▸ **EXERCISE INPUTS**
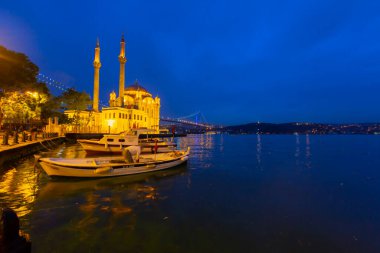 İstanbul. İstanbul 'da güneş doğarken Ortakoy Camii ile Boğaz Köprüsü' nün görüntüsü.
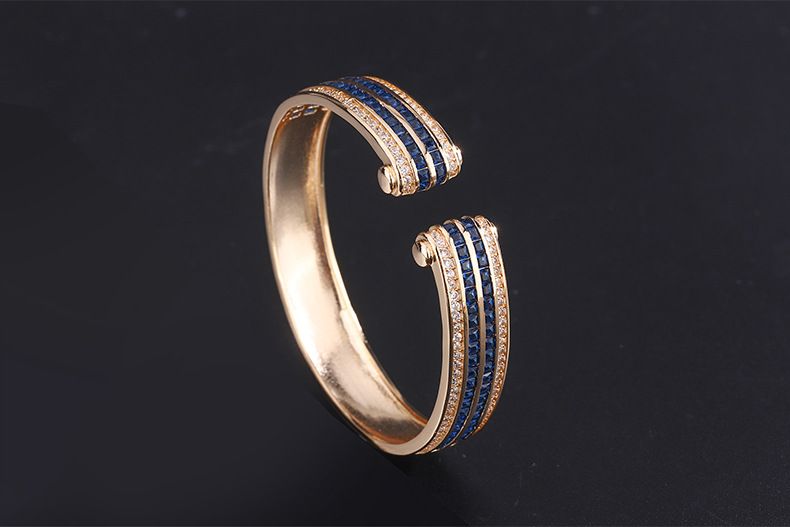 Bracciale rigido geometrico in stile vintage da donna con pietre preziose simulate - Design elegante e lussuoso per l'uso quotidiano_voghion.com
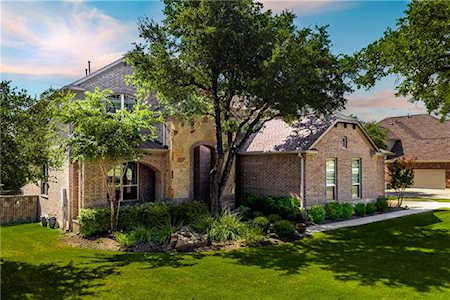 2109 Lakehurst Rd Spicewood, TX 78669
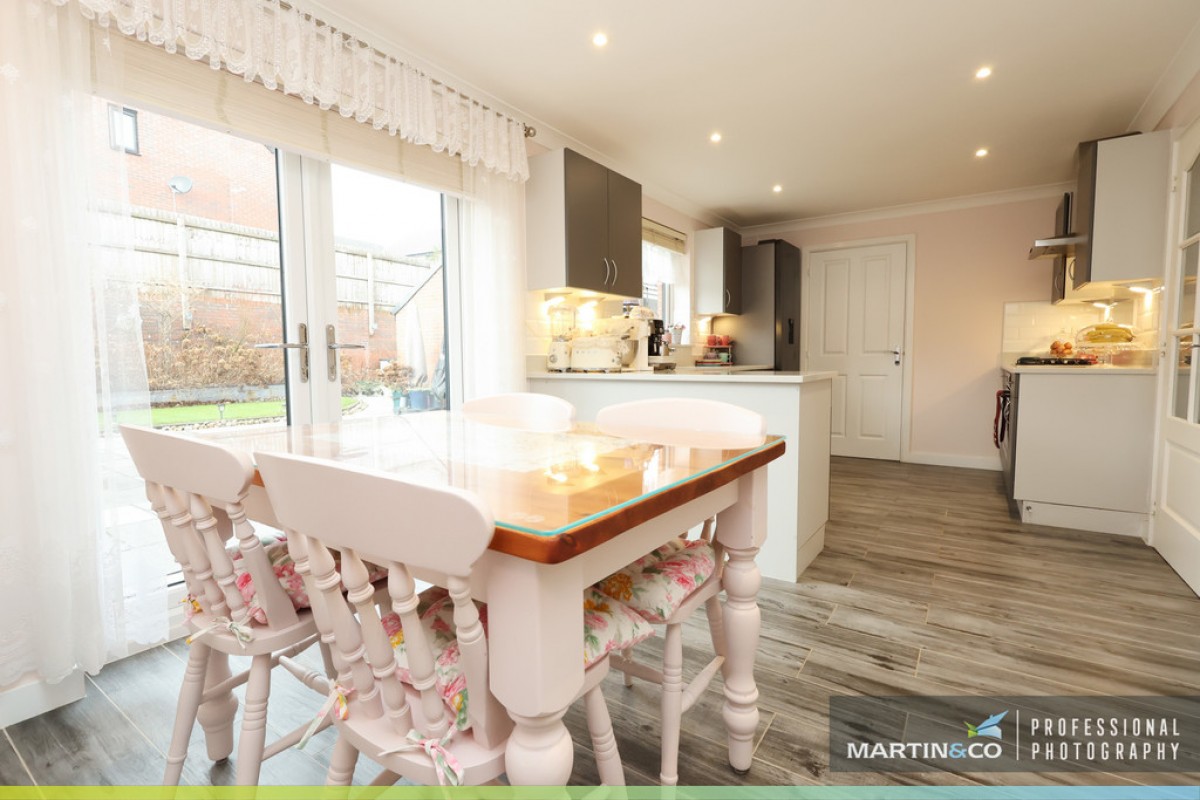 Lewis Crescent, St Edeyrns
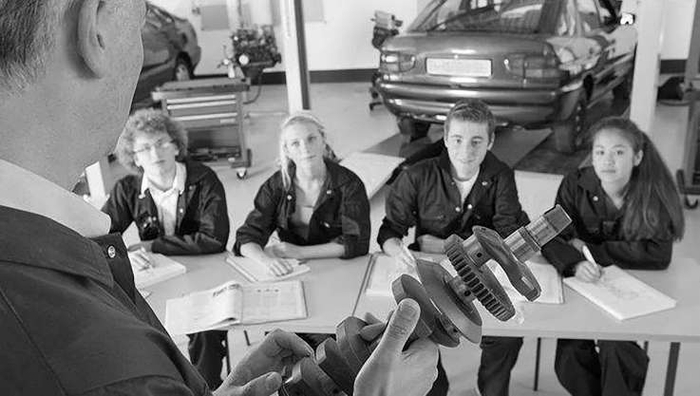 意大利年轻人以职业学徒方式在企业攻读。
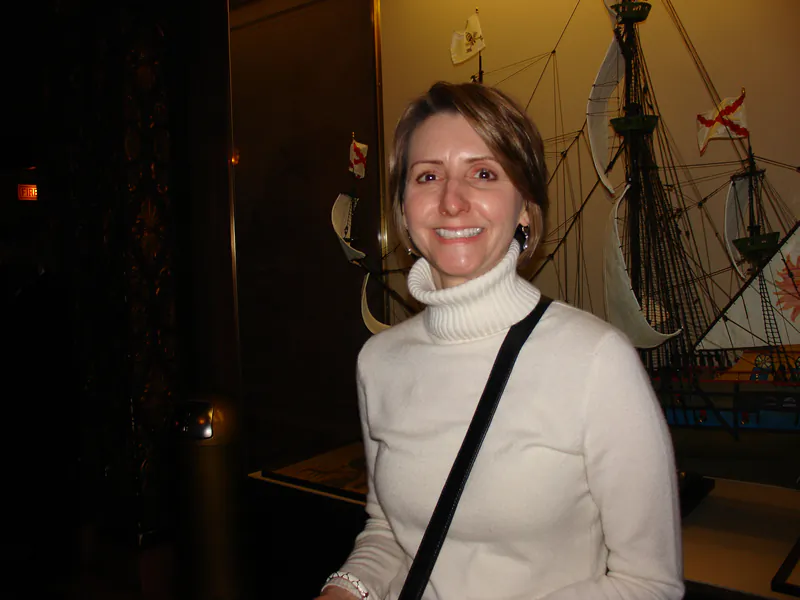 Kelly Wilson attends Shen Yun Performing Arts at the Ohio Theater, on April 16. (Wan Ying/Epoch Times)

▸ **WHAT YOU WILL DO**
Leaving out the pictures, return exactly the lines from the one that contains "Bracciale rigido geometrico" through the last line of the records above, inclusive.

▸ **RESPONSE TO THIS EXERCISE**
 Bracciale rigido geometrico in stile vintage da donna con pietre preziose simulate - Design elegante e lussuoso per l'uso quotidiano_voghion.com
 2109 Lakehurst Rd Spicewood, TX 78669
 Lewis Crescent, St Edeyrns
 意大利年轻人以职业学徒方式在企业攻读。
 Kelly Wilson attends Shen Yun Performing Arts at the Ohio Theater, on April 16. (Wan Ying/Epoch Times)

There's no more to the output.